Records for processing
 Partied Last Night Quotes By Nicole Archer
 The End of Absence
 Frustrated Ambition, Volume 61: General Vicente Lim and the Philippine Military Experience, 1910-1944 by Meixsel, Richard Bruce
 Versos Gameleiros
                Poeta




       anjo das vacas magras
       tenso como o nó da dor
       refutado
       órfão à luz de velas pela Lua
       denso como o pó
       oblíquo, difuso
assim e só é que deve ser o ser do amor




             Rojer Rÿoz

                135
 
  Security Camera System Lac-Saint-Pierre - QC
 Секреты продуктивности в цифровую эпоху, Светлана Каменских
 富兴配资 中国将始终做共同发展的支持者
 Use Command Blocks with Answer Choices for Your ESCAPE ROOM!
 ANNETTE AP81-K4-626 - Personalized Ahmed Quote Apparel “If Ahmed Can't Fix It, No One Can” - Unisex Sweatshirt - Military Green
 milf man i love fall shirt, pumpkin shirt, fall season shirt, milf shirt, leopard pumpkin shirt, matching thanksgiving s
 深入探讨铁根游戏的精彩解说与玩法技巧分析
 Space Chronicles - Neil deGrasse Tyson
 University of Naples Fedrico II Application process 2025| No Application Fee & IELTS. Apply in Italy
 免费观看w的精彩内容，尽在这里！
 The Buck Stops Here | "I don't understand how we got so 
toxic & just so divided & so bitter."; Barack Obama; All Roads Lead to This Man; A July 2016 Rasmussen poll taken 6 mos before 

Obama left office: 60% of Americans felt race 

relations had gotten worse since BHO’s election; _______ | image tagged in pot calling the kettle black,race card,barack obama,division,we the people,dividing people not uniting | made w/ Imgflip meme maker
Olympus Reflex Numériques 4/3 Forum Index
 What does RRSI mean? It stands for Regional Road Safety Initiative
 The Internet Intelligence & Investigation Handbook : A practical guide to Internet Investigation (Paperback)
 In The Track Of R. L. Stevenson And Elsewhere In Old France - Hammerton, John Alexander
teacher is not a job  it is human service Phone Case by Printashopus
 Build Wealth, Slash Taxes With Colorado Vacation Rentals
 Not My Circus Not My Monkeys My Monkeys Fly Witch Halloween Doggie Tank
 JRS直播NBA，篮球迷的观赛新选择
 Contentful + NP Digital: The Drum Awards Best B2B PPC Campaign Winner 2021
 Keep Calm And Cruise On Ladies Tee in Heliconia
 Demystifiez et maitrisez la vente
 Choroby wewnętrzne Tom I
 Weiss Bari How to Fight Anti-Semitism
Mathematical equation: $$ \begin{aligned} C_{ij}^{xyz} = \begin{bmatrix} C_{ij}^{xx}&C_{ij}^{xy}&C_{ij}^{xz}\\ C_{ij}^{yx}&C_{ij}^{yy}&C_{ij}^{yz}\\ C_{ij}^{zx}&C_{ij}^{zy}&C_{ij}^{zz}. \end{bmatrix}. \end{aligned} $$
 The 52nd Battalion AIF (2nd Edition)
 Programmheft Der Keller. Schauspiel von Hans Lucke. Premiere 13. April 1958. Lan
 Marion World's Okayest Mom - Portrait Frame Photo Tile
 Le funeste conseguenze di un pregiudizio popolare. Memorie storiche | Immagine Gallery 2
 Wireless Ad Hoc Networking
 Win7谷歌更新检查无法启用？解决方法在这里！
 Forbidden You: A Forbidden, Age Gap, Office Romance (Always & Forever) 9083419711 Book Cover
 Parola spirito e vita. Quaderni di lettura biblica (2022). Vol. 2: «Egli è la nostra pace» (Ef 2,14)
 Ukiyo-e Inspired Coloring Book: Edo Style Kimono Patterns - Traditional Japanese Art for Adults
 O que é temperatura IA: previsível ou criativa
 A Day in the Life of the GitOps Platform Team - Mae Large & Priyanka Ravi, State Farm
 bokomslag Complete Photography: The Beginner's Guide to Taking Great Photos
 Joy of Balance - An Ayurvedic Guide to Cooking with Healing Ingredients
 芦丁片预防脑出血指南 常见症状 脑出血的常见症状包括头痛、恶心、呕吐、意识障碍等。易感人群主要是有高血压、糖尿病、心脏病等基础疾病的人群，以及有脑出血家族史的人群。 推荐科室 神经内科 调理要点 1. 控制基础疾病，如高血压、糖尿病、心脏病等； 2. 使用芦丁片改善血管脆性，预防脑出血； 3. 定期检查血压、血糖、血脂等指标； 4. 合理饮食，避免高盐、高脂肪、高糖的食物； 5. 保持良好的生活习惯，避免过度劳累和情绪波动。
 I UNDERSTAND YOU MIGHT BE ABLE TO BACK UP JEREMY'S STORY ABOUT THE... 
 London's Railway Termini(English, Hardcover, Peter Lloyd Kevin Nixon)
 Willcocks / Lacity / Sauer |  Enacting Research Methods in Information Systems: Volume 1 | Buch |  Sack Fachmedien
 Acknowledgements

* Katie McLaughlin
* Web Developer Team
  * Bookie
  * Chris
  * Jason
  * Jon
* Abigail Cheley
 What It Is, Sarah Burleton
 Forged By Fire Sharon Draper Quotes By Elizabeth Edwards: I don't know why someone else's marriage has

Work order
Reproduce word for word the material above, starting with the line that has "What does RRSI" and stopping after the line that has "Weiss Bari How to Fight Anti-Semitism".

Finished task
 What does RRSI mean? It stands for Regional Road Safety Initiative
 The Internet Intelligence & Investigation Handbook : A practical guide to Internet Investigation (Paperback)
 In The Track Of R. L. Stevenson And Elsewhere In Old France - Hammerton, John Alexander
teacher is not a job  it is human service Phone Case by Printashopus
 Build Wealth, Slash Taxes With Colorado Vacation Rentals
 Not My Circus Not My Monkeys My Monkeys Fly Witch Halloween Doggie Tank
 JRS直播NBA，篮球迷的观赛新选择
 Contentful + NP Digital: The Drum Awards Best B2B PPC Campaign Winner 2021
 Keep Calm And Cruise On Ladies Tee in Heliconia
 Demystifiez et maitrisez la vente
 Choroby wewnętrzne Tom I
 Weiss Bari How to Fight Anti-Semitism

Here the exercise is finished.